Information on how long either an individual or an average caller has to wait to have his or her call serviced is important information for the service provider. It is often the most important factor for deciding how to treat the call and how to staff agent groups to meet selected contact center service level and thus serves as a crucial tool for customizing customer service. Service levels measure the degree to which a corresponding contact center goal is being attained or not attained.
Numerous techniques have been developed over time to estimate a call's wait-time in queue. One estimation technique uses the average wait time to answer calls that have been placed in queue. Another estimation technique uses the wait time of the oldest call in the queue. Yet another estimation technique uses, as the wait-time estimate, the number of calls in the queue multiplied by the average time it takes an agent to handle a call, divided by the number of agents available to handle the calls. Yet another estimation technique is known as weighted advanced time (WAT), which is an exponential moving average based on the Average Advanced Time (AAT) of each individual call in queue. This approach is described in U.S. Pat. No. 5,506,898, which is incorporated herein by this reference.
These predictive techniques have been optimized for real-time contacts but can be inaccurate when applied to non-real-time contacts. As used herein, real-time contacts refer to contacts in which the contacting entity or customer is present during the waiting (or queuing) period and can choose to abandon or disconnect the contact if the call is not serviced within an acceptable period. Common examples include voice calls, VoIP, text-chat, video calls, and the like. Non-real-time contacts refer to contacts in which the contacting entity or customer is unable to abandon or disconnect the contact. Common examples include e-mail, fax, electronic or paper documents, webform submissions, voice messages, and the like. For example, non-real-time contacts may stay in queue overnight or over a weekend or holiday when the contact center is unstaffed. When the contact is serviced, the time to advance one position in the queue for the contact may be exceptionally large. The above-predictive techniques may be skewed by such excessive advance times and cause work distribution to be handled inefficiently and/or ineffectively.
Copending U.S. application Ser. No. 09/641,403, filed Aug. 17, 2000, entitled “Wait Time Prediction Arrangement for Non-Real-Time Customer Contacts”, discloses a technique to effect service time prediction for non-real-time contacts. This technique has been incorporated in Avaya Inc.'s Interaction Center™ product which has been available commercially for over one year. When a contact is enqueued following the occurrence of a selected event, namely the queue has no working agents (e.g., the switching center (or call or contact center) is unstaffed); the queue is empty (e.g., the contact center has idle working agents); the contact center (or call or switching center) is not operational (e.g., the contact center is shut down or is otherwise out of service); a working agent of the contact center elects not to service the item (e.g., the rules governing the servicing of items permits the next available working agent to defer or decline servicing the item); and/or a system clock is changed (such as by an administrator or otherwise) that is accessed by the contact center for timing information, the ensuing time interval, advance time, or other type of timing information associated with the first item is excluded from an estimation of a wait time (e.g., WAT, etc.) associated with the queue.
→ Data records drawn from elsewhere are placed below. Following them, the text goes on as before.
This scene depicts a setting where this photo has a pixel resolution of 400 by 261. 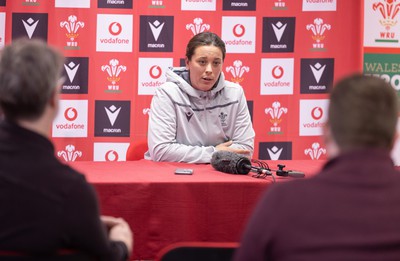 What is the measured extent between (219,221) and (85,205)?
1220 mm

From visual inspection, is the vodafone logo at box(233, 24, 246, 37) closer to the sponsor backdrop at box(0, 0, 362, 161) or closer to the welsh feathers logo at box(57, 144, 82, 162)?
the sponsor backdrop at box(0, 0, 362, 161)

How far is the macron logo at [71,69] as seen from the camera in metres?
5.27

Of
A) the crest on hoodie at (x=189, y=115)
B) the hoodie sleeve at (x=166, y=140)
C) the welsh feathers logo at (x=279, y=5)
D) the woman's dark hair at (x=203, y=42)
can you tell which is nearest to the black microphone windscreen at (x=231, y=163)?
the hoodie sleeve at (x=166, y=140)

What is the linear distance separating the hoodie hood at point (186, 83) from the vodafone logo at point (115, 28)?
1.57m

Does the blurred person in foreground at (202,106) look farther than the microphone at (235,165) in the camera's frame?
Yes

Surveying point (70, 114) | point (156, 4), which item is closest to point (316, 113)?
point (156, 4)

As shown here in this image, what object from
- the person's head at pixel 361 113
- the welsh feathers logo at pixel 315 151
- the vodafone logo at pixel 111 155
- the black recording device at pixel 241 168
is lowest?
the vodafone logo at pixel 111 155

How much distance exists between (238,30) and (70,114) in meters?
1.72

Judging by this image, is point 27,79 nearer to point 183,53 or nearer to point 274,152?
point 183,53

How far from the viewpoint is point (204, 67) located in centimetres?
375

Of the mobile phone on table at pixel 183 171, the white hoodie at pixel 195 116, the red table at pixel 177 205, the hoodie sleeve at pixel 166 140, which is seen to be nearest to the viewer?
the red table at pixel 177 205

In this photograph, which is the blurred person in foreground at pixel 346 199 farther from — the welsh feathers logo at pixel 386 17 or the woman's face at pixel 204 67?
the welsh feathers logo at pixel 386 17

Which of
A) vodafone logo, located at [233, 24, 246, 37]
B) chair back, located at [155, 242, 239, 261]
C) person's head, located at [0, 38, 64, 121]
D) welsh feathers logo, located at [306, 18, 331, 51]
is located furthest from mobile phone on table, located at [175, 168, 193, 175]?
welsh feathers logo, located at [306, 18, 331, 51]

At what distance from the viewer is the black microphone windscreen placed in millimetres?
2885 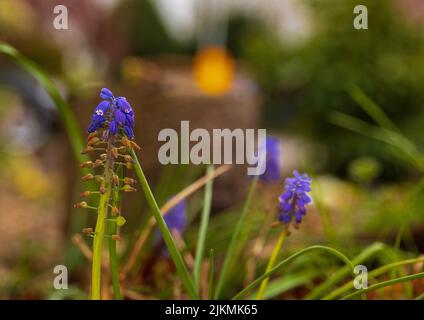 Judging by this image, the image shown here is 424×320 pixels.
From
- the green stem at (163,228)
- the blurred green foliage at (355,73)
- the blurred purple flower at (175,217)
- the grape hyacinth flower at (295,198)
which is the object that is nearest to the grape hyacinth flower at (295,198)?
the grape hyacinth flower at (295,198)

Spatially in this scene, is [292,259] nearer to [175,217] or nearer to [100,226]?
[100,226]

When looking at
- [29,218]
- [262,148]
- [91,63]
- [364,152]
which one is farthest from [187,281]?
[91,63]

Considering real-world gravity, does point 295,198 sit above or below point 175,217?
below

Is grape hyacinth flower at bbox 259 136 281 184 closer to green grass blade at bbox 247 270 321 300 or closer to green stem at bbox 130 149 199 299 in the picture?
green grass blade at bbox 247 270 321 300

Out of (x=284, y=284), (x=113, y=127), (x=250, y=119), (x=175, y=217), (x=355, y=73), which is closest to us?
(x=113, y=127)

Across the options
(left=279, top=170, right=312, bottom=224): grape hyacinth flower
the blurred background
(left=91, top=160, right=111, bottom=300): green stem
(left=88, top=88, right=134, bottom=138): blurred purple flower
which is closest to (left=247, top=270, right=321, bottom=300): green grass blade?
the blurred background

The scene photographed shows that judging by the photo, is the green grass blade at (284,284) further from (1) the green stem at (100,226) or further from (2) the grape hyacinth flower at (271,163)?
(1) the green stem at (100,226)

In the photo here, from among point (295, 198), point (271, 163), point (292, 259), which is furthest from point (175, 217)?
point (292, 259) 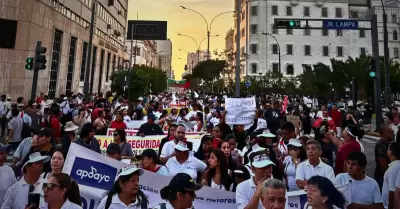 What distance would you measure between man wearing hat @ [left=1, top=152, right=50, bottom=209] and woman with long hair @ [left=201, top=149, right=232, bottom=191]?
221 centimetres

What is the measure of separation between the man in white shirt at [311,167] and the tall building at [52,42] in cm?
2413

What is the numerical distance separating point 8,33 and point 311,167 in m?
25.3

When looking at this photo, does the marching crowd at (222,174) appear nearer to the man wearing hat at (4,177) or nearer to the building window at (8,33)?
the man wearing hat at (4,177)

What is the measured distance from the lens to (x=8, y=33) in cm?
2364

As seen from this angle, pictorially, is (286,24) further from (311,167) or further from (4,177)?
(4,177)

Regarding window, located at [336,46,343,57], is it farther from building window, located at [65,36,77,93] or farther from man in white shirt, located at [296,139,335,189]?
man in white shirt, located at [296,139,335,189]

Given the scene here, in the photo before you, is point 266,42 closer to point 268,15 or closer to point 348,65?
point 268,15

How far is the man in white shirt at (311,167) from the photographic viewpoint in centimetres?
459

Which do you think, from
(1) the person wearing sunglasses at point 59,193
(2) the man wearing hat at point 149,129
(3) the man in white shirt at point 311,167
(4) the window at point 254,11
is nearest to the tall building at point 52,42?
(2) the man wearing hat at point 149,129

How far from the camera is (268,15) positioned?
6750 centimetres

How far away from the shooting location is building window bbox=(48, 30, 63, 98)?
29.0 metres

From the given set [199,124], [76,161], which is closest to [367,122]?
[199,124]

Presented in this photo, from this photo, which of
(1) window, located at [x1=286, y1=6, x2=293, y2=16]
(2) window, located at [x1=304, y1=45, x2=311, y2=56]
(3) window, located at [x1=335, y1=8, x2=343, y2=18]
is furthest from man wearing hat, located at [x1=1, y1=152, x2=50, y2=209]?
(3) window, located at [x1=335, y1=8, x2=343, y2=18]

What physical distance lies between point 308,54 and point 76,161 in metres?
69.7
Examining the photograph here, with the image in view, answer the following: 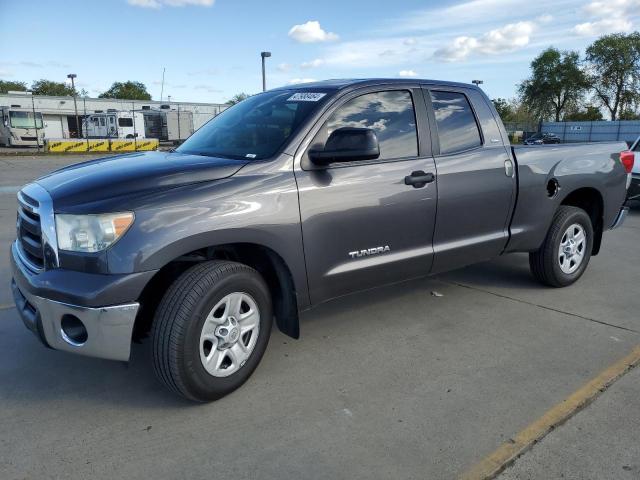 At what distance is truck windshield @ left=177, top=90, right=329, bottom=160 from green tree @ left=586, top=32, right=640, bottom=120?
6547cm

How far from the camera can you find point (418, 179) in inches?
148

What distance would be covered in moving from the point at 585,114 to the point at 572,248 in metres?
66.2

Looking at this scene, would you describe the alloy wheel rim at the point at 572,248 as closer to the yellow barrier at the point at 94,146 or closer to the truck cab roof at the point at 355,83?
the truck cab roof at the point at 355,83

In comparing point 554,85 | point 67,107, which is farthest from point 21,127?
point 554,85

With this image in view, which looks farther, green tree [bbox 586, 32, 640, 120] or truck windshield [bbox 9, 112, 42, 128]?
green tree [bbox 586, 32, 640, 120]

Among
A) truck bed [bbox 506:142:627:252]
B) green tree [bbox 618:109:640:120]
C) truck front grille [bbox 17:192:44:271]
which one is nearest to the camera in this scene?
truck front grille [bbox 17:192:44:271]

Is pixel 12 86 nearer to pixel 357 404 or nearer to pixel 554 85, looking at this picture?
pixel 554 85

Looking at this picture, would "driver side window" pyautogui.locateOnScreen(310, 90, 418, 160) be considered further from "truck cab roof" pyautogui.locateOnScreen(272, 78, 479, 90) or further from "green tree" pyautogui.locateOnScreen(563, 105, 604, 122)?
"green tree" pyautogui.locateOnScreen(563, 105, 604, 122)

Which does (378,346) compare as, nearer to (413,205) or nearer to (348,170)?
(413,205)

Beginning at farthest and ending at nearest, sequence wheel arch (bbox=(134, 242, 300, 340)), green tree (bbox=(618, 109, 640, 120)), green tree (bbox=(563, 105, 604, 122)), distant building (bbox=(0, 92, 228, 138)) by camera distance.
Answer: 1. green tree (bbox=(563, 105, 604, 122))
2. green tree (bbox=(618, 109, 640, 120))
3. distant building (bbox=(0, 92, 228, 138))
4. wheel arch (bbox=(134, 242, 300, 340))

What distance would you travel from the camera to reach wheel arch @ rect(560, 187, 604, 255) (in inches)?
205

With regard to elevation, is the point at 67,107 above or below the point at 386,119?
above

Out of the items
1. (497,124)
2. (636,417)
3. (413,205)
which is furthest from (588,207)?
(636,417)

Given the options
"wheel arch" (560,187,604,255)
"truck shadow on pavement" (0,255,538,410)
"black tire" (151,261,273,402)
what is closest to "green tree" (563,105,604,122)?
"wheel arch" (560,187,604,255) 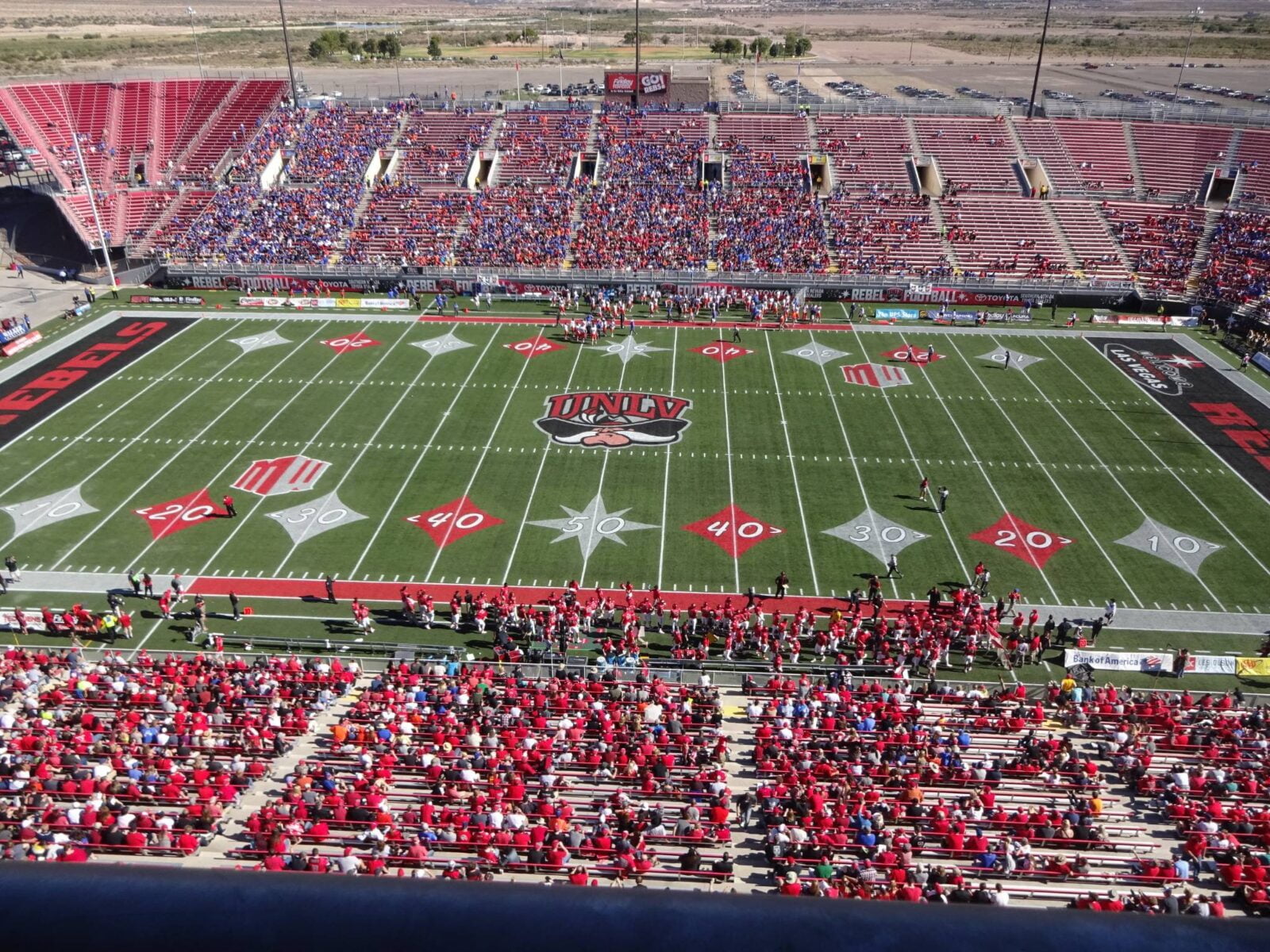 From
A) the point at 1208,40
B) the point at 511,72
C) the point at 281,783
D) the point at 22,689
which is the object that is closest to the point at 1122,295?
the point at 281,783

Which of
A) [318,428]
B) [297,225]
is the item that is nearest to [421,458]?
[318,428]

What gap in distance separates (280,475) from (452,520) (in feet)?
23.3

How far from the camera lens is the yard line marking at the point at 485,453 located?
28250 mm

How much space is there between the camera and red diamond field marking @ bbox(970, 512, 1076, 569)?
2819 cm

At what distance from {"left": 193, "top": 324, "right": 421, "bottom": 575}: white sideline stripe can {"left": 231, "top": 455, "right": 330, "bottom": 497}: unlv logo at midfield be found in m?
0.65

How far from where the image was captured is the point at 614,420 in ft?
119

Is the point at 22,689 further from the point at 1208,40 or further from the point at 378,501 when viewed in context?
the point at 1208,40

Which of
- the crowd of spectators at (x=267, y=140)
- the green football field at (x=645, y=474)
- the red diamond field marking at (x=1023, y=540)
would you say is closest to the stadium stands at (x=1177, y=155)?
the green football field at (x=645, y=474)

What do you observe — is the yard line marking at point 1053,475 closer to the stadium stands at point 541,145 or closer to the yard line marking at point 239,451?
the yard line marking at point 239,451

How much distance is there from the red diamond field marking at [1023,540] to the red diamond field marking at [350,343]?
1118 inches

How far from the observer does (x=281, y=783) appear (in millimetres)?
18172

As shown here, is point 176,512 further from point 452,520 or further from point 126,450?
point 452,520

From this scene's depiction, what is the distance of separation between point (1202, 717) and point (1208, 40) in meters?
170

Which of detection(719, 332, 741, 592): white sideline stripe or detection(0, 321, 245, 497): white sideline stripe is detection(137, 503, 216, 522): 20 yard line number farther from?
detection(719, 332, 741, 592): white sideline stripe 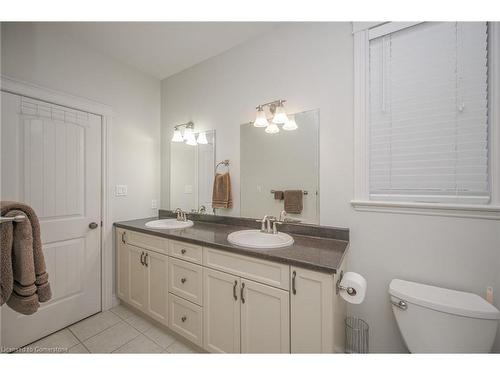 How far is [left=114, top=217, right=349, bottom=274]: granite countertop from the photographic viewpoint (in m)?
0.96

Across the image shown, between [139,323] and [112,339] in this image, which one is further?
[139,323]

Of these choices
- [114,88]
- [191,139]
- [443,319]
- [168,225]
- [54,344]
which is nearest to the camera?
[443,319]

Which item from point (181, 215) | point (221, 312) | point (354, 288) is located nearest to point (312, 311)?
point (354, 288)

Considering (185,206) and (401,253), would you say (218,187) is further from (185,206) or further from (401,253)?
(401,253)

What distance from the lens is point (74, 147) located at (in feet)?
5.45

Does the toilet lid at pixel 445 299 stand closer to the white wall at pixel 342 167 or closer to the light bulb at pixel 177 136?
the white wall at pixel 342 167

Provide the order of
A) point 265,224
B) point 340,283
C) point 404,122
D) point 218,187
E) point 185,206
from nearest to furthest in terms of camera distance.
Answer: point 340,283 → point 404,122 → point 265,224 → point 218,187 → point 185,206

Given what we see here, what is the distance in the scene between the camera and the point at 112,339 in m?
1.51

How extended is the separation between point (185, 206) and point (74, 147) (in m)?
1.05

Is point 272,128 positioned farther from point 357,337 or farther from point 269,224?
point 357,337

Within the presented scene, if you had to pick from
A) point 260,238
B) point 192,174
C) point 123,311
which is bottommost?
point 123,311

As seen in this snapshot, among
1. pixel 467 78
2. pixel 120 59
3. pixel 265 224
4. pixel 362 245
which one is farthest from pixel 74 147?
pixel 467 78

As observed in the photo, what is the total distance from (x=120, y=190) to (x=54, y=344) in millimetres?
1236

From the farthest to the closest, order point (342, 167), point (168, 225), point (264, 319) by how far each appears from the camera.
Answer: point (168, 225), point (342, 167), point (264, 319) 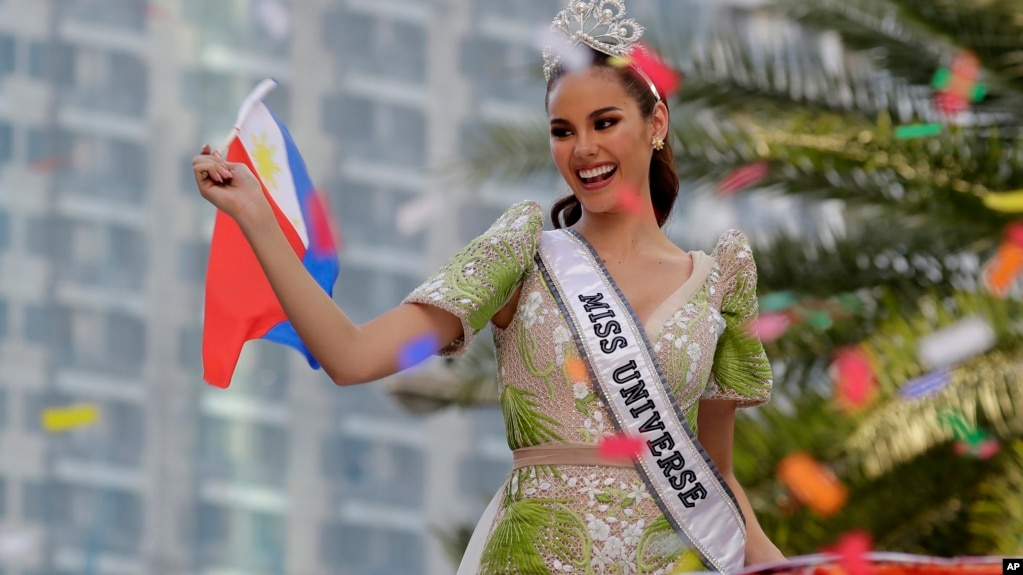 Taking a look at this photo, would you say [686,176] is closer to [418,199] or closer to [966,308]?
[966,308]

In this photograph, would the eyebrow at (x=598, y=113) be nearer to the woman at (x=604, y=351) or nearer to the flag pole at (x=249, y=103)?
the woman at (x=604, y=351)

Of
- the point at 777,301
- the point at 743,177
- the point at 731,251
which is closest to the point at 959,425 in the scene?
the point at 777,301

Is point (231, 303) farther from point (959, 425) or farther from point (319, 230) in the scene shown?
point (959, 425)

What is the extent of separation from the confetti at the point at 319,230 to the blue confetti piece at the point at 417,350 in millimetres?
274

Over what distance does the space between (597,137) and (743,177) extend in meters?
4.15

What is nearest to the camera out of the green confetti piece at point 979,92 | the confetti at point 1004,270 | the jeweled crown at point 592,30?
the jeweled crown at point 592,30

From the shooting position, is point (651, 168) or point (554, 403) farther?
point (651, 168)

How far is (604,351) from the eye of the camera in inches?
128

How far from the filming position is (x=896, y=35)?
7.88 m

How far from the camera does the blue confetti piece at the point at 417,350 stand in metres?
3.08

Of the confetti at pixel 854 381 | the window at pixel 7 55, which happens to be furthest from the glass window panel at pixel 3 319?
the confetti at pixel 854 381

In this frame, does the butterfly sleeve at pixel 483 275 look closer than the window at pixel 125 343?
Yes

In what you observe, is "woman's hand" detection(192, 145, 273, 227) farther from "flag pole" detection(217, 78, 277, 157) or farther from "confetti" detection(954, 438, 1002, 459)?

The wait time can be determined using any suitable techniques, including those described above.
Although this algorithm represents a substantial step forward from prior contact center algorithms for predicting wait time for non-real-time contacts, it can be unable to provide an accurate estimate of wait time when the wait-time period crosses one or more unstaffed time intervals. A wait time predictor is needed that can accurately predict when an item of work will be serviced, even when that work may remain in queue during unstaffed periods such as holidays and weekends.